As soon as the Al Shabaab saw the amount of food, some lost focus on the battle and concentrated on carting away as much food. The militants made away with thousands of fish, chicken and eggs.
“They seemed excited when they saw the food. One shouted that they would eat officer’s food that day. They loaded the mostly frozen foods and refrigerators to a brown Fiat truck which they had arrived in as the assault continued,” a survivor said.
Steak and meat on bone available at the camp on the fateful day is estimated at about 9,000 kilos, enough to sustain the camp for months, he says.
He miraculously escaped with only an abrasion from a bullet, before making what he estimates to be about 100 kilometers.
What went wrong?
Five men would walk for three days from dawn to dark after the Friday ambush, for help to arrive from a plane on a search and rescue mission on Sunday evening.
“We agreed that whatever happened, we were better off dying fighting than allowing to be captured. So we were ready to shoot,” he said.
One of the men had about 210 bullets on him. Two others had about 100 bullets. They hardly spoke. They survived on two-delmonte packets of juice that one of the survivors picked on his way out.

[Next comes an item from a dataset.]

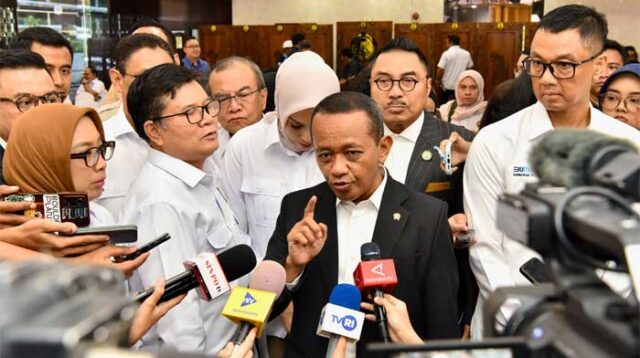 Menteri ESDM, Bahlil Lahadalia berikan keterangan pers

The survivor recalls that one of the five men almost gave up and asked to be shot dead to end his troubles moments before they were rescued.
“We drew their attention by waving t-shirts in the air,” he said.

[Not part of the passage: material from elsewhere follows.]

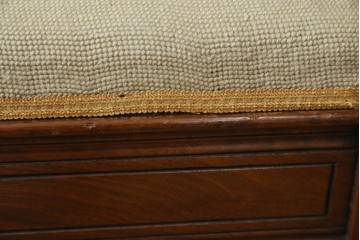 イギリスアンティーク　ウォールナット材　ゴブラン織りの座面がかわいらしい収納付きベンチ　(R-063346)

The plane made two trips to move the survivors to Nairobi’s Wilson Airport before onward transmission by ambulance to the Armed Forces Memorial Hospital.
“We were rescued by a Z-9, a military chopper. They were two, one came and took three of us as the other one covered them. Immediately the second one came and took the remaining two,” he says.
Some of those who came back alive faced scrutiny and were branded traitors for ‘abandoning’ their colleagues at their hour of need. When the guns stopped firing, Obwoge was not among those that were found. It remains a mystery if Obwoge was among those that were kidnapped or if he died in battle that fateful day.
“We were told he was kidnapped. Then after that we were told to just wait,” his mother says.
Described as a stubborn, no nonsense general, Major Obwoge is said to have been a soldier who never believed he would be wrong. Those who hated him mostly did so because of his ‘always right’ stance. Those who admired him mostly did so because of his sharp mind.
Obwoge was first deployed at the 9KR Battalion after joining the military. He was then moved to the Recruits Training School.
Here he earned the reputation of a mean soldier who humbled and crushed the spirits and dreams of many trainees wishing to get out on the other side as soldiers.
His mother recently asked that his grave be flattened to help deal with the ghosts and pain of his death. She says she requested it to be levelled to help her forget and ‘move on’. And it was. It has no cross, in line with the Seventh Day Adventist (SDA) practices. No epitaph. Neither is it cemented.
The mother says the pain of waiting to know her son’s fate was too much but was relieved after the remains of her son were found and brought back to home after more than three months.
His wife, who is understood to have been last family member that spoke to Major Obwoge, declined a media interview.
Just like hundreds of other soldiers, he was identified through DNA. No one was allowed to view his body. KDF says the delay was caused because DNA tests had to be conducted on his body was badly burnt body.
Today grass has grown on what was his grave in Nyakorokoro village, in Kisii county, fading out any sign that here lie the remains of Major Obwoge, with him, buried the puzzle of whether he ignored intelligence and put at risk the lives of his men.